## [WHAT YOU HAVE TO DO]
When you copy the entries, match them exactly and omit the pictures.
[SOURCE MATERIAL Boundary: Start]
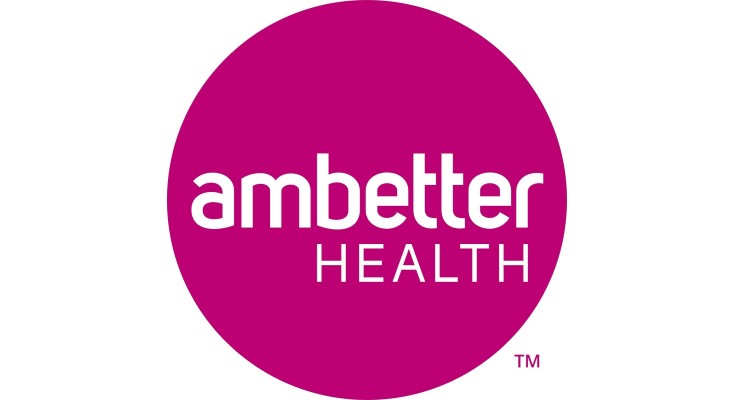 Ambetter Health Expands Pennie Marketplace Coverage Across Central Pennsylvania
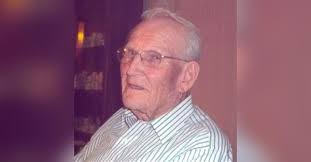 Raymond Schultz Obituary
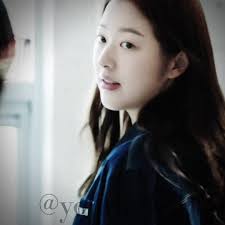 my wife🛐🛐 #baekharin #edit #pyramidgame #kdrama #yourheyril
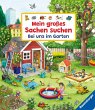 Mein großes Sachen suchen: Bei uns im... - Bild 1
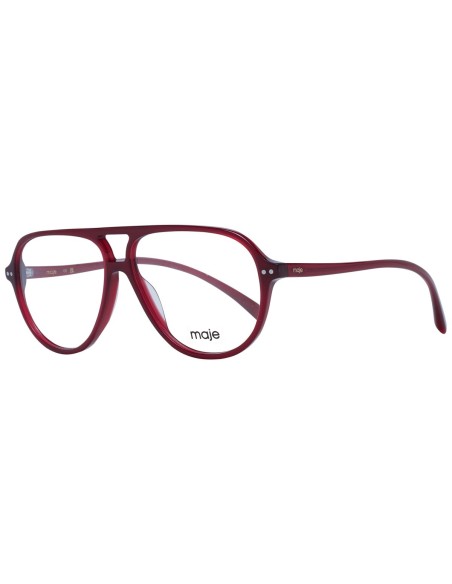 Ladies' Spectacle frame Maje MJ1031 55005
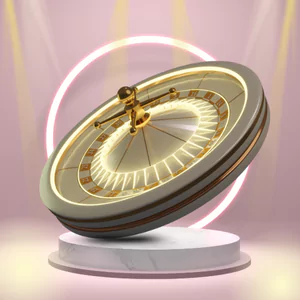 플라워토토 먹튀? 이용 전 반드시 알아야 할 리스크와 예방 방법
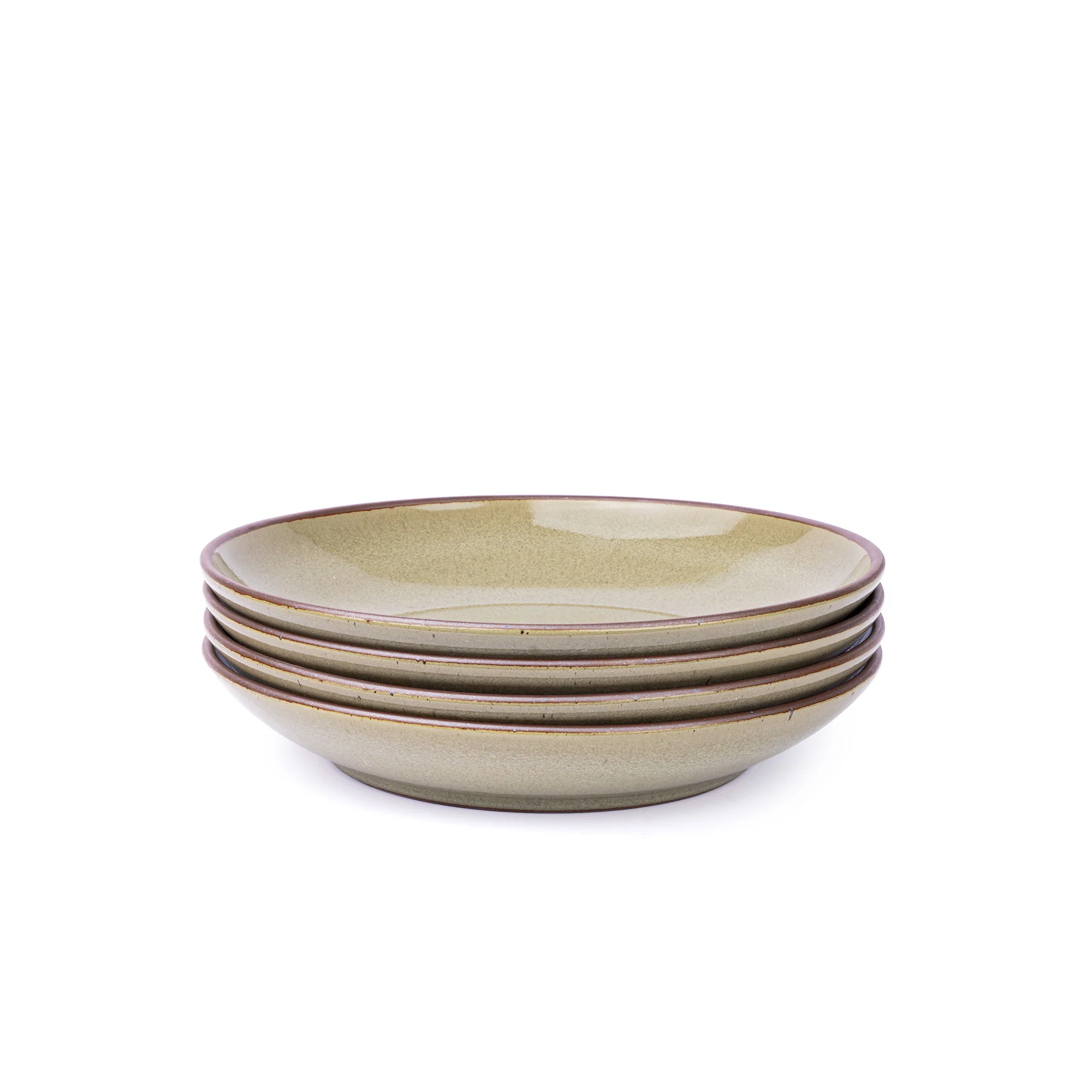 The Coupe 4-Pack - Image 26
[SOURCE MATERIAL Boundary: End]
## [ANSWER FOR THE TASK]
 Ambetter Health Expands Pennie Marketplace Coverage Across Central Pennsylvania
 Raymond Schultz Obituary
 my wife🛐🛐 #baekharin #edit #pyramidgame #kdrama #yourheyril
 Mein großes Sachen suchen: Bei uns im... - Bild 1
 Ladies' Spectacle frame Maje MJ1031 55005
 플라워토토 먹튀? 이용 전 반드시 알아야 할 리스크와 예방 방법
 The Coupe 4-Pack - Image 26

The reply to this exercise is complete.